Lo más interesante de Ferrowhite es que su propuesta se contrapone a lo que habitualmente se espera de los museos tradicionales: acá no hay botines de la conquista, objetos caros, antiguos. Hay herramientas, restos de máquinas que duermen como animales prehistóricos, maquetas. Estos objetos aparentemente indignos están exhibidos porque no se trata de un museo del ferrocarril o del puerto en particular, sino del trabajo relacionado con esas instancias. “No se trata de un museo ferroviario en el que el tren está visto sólo como un transporte de pasajeros o que tiene que ver con la nostalgia de un pueblo. Acá el ferrocarril se construyó, y creció y tuvo su mayor auge como terminal de un puerto de exportación de cereales. Ese mundo ferroviario, con las privatizaciones, se transformó pero sigue funcionando. Este museo nace cuando todavía las consecuencias del proceso de privatización se sentían con muchísima fuerza y el planteo del espacio al principio a mucha gente lo dejaba perplejo, porque en la primera impresión daba la sensación de que estaba vacío. El museo nació con ese sentido, de pensar desde la experiencia física del espacio este hecho traumático: privatización y desguace de los espacios de trabajo, que también significó el desguace de la vida de mucha gente, un modo de socialización que se perdió”, explica la historiadora Ana Miravalles, que junto a Testoni trabaja en el museo desde su apertura, en 2004. De hecho, la muestra se conformó con una serie de objetos que un grupo de ferroviarios fue coleccionando en el momento más álgido del proceso de privatización, cuando ya veían que esas cosas se iban a perder. Con algunos de esos trabajadores –y sus historias– es posible cruzarse cualquier día en el museo-taller.

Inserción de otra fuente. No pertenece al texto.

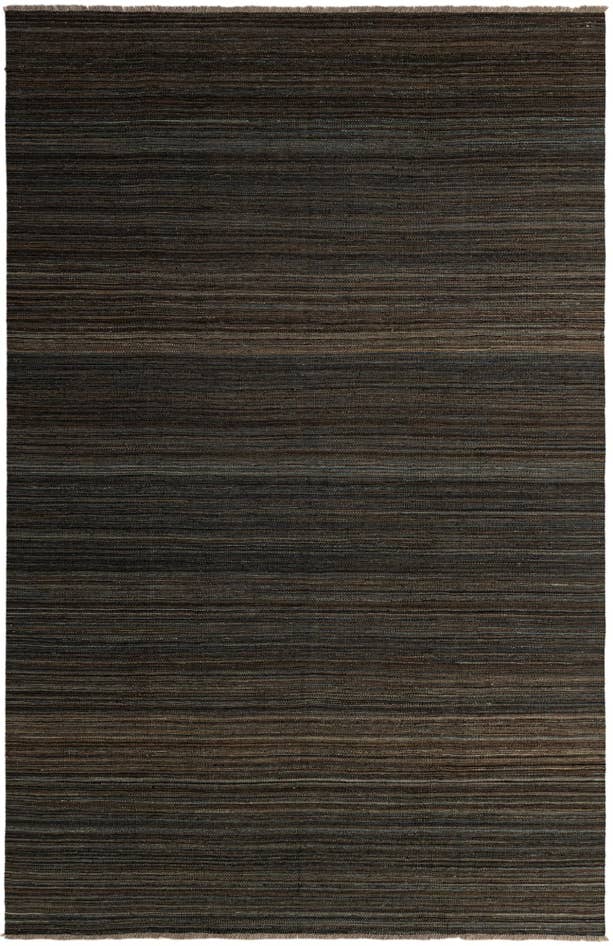 Detail image of 6' 6 x 9' 9 Hand Woven Kilim Modern Wool Rug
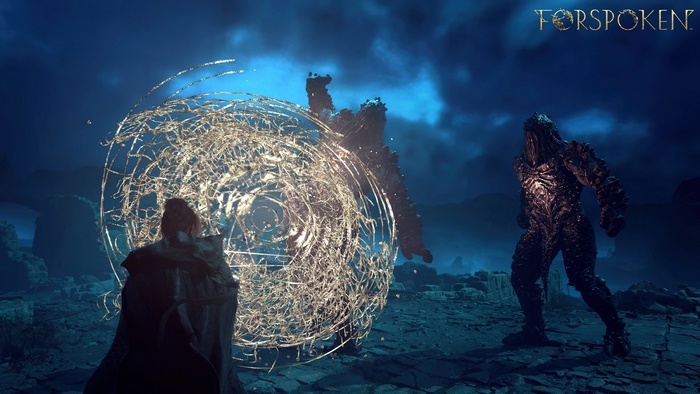 Forspoken 4K PC game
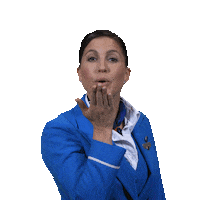 Happy Royal Dutch Airlines Sticker by KLM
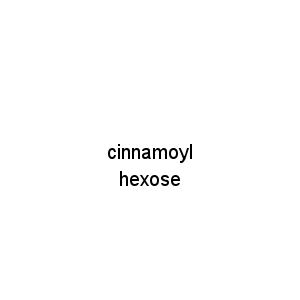 cinnamoyl hexose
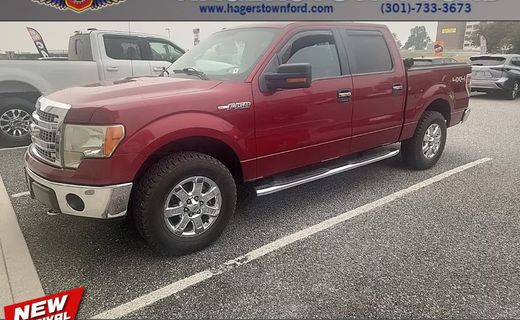 2013 Ford F-150 XLT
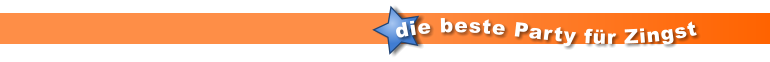 die beste Party für Zingst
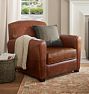 Doyle Leather Club Chair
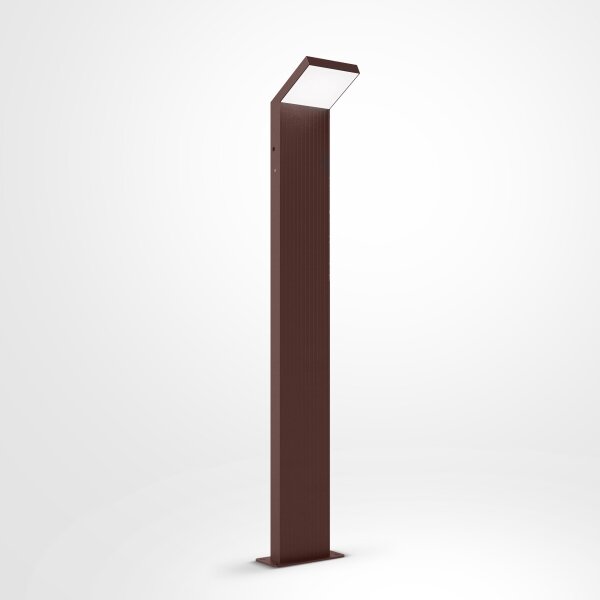 Brilagi - Lampada LED da esterno RIANO LED/8W/230V marrone IP65 80 cm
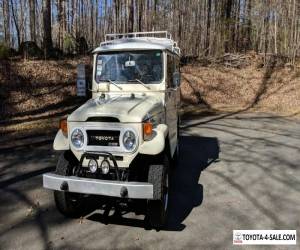 Item 1977 Toyota Land Cruiser BJ40 for Sale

Cerca de Ferrowhite está el Museo del Puerto, una institución histórica de Ingeniero White, que funciona desde 1987 en una construcción de 1907 que perteneció a la empresa inglesa Ferrocarril Sud y tiene uno de los archivos orales más grandes del país, con más de mil grabaciones con entrevistas a cocineras, enfermeras, estibadores o empleados de la Junta Nacional de Granos. Es un museo comunitario, que recupera la perspectiva del vecino a la hora de pensar la historia. “Conceptualmente el objeto no tiene para nosotros valor patrimonial, sino que tiene valor en cuanto nos pueda contar algo de la historia”, explica Leandro Beier, su director. La “temporada alta” del museo se extiende entre marzo y octubre, y un domingo de invierno es un gran plan acercarse al museo para tomar un chocolate caliente acompañado de alguna de las dulzuras que preparan las “amigas del museo”. Los sábados a la tarde, además, hay recitales en el marco del ciclo “Del garaje a la cocina”. La muestra permanente está distribuida en diez salas que van contando, a través de grabaciones y objetos cotidianos, cómo era vivir y trabajar en White a medida que avanzaba el siglo XX. La sala del mar, la sala de pesca, la sala del ferrocarril, la peluquería, la cocina, la sala bodega, la sala del ’80, la sala del ’30, el bar y la escuela son los distintos espacios que el museo propone para reflexionar sobre las condiciones materiales de existencia de los hombres y mujeres que vivieron y viven en un White al que la historia económica y social argentina atravesó como un flechazo.